The objective of this paper is to share the experience, approach and strategy to the technical forum involved in developing mid-size offshore gas fields from exploration, appraisal to field development and production, accordingly monetizing the produced gas by exploring various options in the international market.
Subsequent to exploration and appraisal of two adjacent blocks A-1 and A-3, three prospects were delineated- Shwe and Shwe Phyu in Block A-1 and Mya in Block A-3, Myanmar. These blocks are operated by M/s POSCO INTERNATIONAL and other consortium members are OVL, GAIL, KOGAS and Myanma Oil and Gas Enterprise (MOGE).
Shwe and Shwe fields were discovered in January 2004 and January 2005 respectively in Block-A-1. Subsequently, Mya field was discovered in March 2006 in Block A-3. Mya field is divided into two parts, i.e, Mya-Norh and Mya-South.
To develop these fields, Consortium conducted Pre-Front End Engineering Design (FEED) and FEED studies from two international contractors and selected the best option to develop these fields.
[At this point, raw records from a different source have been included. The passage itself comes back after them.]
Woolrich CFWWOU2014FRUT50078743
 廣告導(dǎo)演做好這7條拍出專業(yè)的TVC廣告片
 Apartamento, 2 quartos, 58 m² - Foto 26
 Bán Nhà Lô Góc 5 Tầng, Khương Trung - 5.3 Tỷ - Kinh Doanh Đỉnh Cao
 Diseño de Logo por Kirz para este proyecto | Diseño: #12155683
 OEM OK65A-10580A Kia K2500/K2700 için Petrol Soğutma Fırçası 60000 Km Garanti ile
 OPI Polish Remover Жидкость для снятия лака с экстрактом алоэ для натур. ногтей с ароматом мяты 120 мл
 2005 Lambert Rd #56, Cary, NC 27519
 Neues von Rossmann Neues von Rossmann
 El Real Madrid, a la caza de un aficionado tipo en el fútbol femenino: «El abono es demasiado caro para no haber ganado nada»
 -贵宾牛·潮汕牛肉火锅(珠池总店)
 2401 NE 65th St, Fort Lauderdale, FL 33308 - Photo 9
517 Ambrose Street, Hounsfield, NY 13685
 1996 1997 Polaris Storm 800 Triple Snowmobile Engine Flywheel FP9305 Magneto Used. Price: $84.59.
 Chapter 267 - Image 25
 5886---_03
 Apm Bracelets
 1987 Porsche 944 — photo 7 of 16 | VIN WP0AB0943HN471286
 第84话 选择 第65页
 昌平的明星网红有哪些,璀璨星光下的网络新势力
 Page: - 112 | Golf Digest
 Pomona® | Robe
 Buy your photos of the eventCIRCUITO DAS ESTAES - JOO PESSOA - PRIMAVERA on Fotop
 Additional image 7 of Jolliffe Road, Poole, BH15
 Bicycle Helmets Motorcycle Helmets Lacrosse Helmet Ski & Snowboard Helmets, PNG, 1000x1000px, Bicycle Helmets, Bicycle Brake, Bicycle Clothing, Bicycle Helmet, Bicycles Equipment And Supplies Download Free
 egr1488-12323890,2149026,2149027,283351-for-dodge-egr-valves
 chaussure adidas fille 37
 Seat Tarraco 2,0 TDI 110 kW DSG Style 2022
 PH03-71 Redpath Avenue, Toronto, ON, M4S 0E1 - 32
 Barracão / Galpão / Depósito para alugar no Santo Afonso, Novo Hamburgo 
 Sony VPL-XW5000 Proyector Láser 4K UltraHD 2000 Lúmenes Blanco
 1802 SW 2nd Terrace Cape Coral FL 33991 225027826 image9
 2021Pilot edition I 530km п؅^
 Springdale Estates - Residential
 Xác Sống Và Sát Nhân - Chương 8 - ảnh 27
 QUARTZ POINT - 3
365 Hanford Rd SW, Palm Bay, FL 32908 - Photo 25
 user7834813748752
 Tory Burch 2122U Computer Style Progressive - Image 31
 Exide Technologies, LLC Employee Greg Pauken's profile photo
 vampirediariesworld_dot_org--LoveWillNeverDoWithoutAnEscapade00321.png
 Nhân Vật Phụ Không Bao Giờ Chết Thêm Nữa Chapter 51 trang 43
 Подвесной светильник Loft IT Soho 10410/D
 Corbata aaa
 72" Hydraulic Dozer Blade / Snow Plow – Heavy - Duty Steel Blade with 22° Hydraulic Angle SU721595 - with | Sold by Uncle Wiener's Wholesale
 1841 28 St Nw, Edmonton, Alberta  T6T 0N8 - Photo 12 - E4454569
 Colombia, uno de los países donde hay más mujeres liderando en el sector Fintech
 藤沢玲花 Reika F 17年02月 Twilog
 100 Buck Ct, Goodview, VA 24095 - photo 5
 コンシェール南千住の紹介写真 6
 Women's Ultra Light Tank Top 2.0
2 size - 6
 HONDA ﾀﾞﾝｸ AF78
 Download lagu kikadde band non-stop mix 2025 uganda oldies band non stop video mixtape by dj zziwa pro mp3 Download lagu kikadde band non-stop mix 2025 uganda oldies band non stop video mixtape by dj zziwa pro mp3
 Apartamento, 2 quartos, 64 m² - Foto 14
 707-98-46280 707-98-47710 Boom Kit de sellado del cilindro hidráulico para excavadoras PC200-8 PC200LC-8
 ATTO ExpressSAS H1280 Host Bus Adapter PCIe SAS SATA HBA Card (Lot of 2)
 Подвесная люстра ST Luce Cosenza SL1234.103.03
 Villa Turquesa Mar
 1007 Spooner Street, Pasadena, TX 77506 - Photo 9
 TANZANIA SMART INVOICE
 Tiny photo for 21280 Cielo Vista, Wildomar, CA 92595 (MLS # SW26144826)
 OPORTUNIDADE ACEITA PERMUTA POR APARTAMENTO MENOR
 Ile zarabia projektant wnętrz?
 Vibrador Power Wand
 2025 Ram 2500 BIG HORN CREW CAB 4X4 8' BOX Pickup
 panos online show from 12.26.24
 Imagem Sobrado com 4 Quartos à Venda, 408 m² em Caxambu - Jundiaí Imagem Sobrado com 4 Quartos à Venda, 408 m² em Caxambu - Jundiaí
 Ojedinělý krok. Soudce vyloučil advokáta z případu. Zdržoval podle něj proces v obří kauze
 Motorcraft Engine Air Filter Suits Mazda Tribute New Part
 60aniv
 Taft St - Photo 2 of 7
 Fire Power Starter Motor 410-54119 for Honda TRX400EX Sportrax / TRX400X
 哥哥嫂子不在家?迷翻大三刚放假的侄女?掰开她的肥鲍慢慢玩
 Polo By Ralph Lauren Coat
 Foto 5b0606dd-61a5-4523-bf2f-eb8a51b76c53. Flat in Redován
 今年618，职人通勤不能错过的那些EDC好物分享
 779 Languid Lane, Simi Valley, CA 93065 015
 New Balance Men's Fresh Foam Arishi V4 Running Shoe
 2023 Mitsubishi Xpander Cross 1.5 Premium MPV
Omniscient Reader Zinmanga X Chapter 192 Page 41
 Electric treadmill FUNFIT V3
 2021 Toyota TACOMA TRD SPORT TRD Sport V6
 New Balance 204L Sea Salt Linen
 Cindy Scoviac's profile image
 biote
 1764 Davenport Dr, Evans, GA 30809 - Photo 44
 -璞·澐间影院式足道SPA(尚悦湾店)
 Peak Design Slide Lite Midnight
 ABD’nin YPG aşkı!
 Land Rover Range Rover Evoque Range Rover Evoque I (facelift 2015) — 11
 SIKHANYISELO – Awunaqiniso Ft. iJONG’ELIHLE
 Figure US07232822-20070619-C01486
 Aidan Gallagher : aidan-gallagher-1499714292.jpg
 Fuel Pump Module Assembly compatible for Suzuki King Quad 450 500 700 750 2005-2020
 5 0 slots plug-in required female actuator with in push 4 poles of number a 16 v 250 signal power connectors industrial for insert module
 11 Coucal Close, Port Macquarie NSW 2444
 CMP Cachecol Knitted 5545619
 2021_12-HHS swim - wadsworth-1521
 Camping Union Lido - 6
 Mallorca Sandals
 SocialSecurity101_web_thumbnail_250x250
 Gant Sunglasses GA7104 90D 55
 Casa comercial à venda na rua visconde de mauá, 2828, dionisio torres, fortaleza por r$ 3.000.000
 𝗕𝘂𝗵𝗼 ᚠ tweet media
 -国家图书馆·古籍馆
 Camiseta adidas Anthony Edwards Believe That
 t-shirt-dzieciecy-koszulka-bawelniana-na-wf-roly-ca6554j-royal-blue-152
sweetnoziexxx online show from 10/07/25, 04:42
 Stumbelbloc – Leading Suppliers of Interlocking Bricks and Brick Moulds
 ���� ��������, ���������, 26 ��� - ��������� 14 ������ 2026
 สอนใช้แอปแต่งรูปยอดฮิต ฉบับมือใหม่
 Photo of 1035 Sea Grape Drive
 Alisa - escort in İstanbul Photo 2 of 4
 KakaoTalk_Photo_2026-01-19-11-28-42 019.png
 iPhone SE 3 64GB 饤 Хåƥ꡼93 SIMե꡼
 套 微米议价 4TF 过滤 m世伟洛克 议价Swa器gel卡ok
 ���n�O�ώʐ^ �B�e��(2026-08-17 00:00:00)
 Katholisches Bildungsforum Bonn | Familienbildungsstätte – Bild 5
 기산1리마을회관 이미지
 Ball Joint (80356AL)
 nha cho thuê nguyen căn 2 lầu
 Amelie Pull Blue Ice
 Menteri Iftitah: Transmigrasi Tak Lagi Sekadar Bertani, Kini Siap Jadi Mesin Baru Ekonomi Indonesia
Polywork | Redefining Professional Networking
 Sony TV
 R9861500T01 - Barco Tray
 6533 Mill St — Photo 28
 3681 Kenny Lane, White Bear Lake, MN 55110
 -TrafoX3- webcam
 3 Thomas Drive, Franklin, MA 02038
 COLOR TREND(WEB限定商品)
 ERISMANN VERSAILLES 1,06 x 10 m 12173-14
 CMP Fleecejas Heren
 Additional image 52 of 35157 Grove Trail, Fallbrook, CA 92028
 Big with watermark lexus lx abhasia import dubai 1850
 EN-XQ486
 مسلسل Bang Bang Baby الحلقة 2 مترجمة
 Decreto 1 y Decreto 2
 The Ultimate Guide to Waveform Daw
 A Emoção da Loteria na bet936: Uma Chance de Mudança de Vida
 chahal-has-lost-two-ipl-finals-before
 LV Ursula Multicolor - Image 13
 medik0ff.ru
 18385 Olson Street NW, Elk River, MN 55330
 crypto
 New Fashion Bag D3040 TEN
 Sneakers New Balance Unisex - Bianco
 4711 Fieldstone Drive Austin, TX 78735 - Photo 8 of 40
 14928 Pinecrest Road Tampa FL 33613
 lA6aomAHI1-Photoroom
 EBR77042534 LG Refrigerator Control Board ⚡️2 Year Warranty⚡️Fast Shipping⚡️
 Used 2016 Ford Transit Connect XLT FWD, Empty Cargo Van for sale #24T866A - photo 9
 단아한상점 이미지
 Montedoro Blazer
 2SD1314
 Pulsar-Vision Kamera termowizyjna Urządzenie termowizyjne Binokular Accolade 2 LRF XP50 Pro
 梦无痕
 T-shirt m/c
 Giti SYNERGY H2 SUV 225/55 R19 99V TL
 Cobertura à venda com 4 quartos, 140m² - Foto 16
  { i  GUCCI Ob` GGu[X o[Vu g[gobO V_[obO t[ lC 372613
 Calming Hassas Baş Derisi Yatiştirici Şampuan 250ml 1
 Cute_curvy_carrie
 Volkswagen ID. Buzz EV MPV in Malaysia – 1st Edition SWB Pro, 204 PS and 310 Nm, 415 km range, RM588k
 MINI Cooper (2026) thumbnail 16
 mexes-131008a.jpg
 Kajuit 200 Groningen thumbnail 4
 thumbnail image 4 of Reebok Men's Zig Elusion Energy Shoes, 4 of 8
Consortium is jointly developing the fields in a phase which is called SHWE Project. Drilling of 10 wells in Shwe Prospect (8 production, 1 disposal well & 1 abandoned) from a platform drilling rig and 4 subsea wells in Mya-North Prospect from drillship (MODU) completed in Phase-1 development. Phase-2 development will involve drilling of 4 subsea wells each in Shwe and Shwe Phyu prospects which will be drilled by MODU. Phase-3 development will consider installation of LP compressor platform if delivery pressure falls below the contract requirements. Currently, produced gas from Shwe and Mya-North Prospects are being processed at Shwe Common Processing Platform (CPP) and then it is brought upto Onshore Gas Terminal (OGT) through 32" × 110 km pipeline (105 km – offshore and 5 km onshore).
The SHWE project can be economically produced for about 24 years. The buildup production period was for one year and plateau period estimated for 13 years. The unitization of the fields and production & sales of produced gas involved the following milestones and future development plans: Installation of Integrated Drilling cum Processing Platform (IDPP) at Shwe prospect for Phase-1 development drilling of Shwe and bringing produced gas from Mya-North to Shwe CPP. The processed gas from the Shwe platform is transported to Sales Point through offshore subsea pipeline from Shwe CPP till landfall point and onshore pipeline from landfall point to Sales Point at OGT. Evaluated options to sale, burn or dispose the condensate produced with gas from all the fields and finally decided to dispose the condensate by drilling a condensate disposal well at Shwe prospect. Evaluated various options and routes to sale the produced gas to potential buyers in international market. Phase-2 development wells at Shwe and Shwe Phyu would be drilled and produced gas would be processed at Shwe CPP and installation of LP compressor would be a part of Phase-3 development plan.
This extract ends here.